La transformación digital llegó a nuestras vidas disfrazada de pegadizos eslóganes: Muévete deprisa y rompe cosas. Una lectura mucho más sosegada -a la que llegamos tras algunos años- nos permitió darnos cuenta de que moverse deprisa implicaba dejar demasiados asuntos atrás y que lo de romper cosas equivalía, en la práctica, a correr el riesgo de destrozar aquello que debíamos preservar.
Aquel eslogan primaba la acción sobre el análisis, como si fueran excluyentes. De la aplicación de algo así en nuestro Sistema Nacional de Salud no podía salir nada bueno: la Era de los Pilotos.
Iniciamos entonces una etapa en la que todo el mundo -Ministerio, Gobiernos Autonómicos, sociedades científicas, compañías del sector...- tenía un piloto. Había muchos. Demasiados. Infinitos.
Todo el mundo tenía un plan para cambiar el mundo. Y como el conocimiento estaba al alcance de un clic y había autoproclamados gurús de prácticamente todo, despreciamos el proceso de aprendizaje y nos fuimos directos a la casilla final: la disrupción absoluta de un modelo que, aunque utiliza procesos de una manera masiva, en realidad se apoya en un concepto muy sencillo, el talento de las personas que configuran el sistema.
Y para que ese talento alcance la excelencia y ofrezca VALOR, requiere aprendizaje, capacitación, financiación y rendición de cuentas.
Porque acción y análisis no son excluyentes y la transparencia y la rendición de cuentas son críticos para mejorar en un sistema que se apoya en el conocimiento.
El valor de la transformación no reside en la tecnología o los procesos, por muy rompedores que sean. Son parte clave, sin duda, pero el lugar donde cimentar el salto cuántico que esperamos dar no está ahí, sino en las personas, en los profesionales sanitarios y en los pacientes.

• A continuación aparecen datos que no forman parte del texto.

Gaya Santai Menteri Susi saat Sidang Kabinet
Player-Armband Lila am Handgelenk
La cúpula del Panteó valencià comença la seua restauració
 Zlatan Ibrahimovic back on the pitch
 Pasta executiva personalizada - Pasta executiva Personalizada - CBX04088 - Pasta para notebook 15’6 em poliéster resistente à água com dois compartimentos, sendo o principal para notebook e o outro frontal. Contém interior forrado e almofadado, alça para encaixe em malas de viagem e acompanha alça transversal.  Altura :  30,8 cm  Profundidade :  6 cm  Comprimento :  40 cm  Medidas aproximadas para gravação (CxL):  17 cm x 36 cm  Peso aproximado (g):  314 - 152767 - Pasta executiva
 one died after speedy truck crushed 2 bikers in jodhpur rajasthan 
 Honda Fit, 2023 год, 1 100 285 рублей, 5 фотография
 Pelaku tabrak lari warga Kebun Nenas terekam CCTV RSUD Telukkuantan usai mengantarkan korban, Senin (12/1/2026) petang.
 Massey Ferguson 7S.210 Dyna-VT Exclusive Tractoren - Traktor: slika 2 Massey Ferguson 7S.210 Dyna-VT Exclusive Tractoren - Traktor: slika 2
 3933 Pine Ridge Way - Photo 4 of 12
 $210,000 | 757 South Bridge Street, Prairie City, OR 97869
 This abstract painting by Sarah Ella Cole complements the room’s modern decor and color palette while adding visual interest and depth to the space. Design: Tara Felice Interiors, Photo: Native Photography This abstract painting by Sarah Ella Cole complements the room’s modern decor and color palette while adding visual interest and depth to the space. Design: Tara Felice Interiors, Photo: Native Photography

Si la sanidad tuviera una mecánica absolutamente predecible, una inteligencia artificial sería capaz de gestionarla. Pero las dinámicas en sanidad están condicionadas siempre por el factor humano. Y aunque sí hay un número alto de procesos que pueden mecanizarse y, por tanto, predecirse, el sistema seguirá estando condicionado por ese factor humano.
Por eso la transformación, la verdadera transformación en nuestra sanidad, tiene que ver con las personas, con su talento, sus motivaciones, sus incentivos -tanto personales como impuestos por sus organizaciones- y, naturalmente, con sus expectativas.
Y esa transformación debe atravesar la epidermis y los eslóganes. Debe llegar donde realmente duele. Porque una transformación que no duele es maquillaje. Es una performance. Transformarse cuesta: es incómodo, desagradable y en ocasiones provoca vergüenza propia y ajena. Se parece a la pubertad.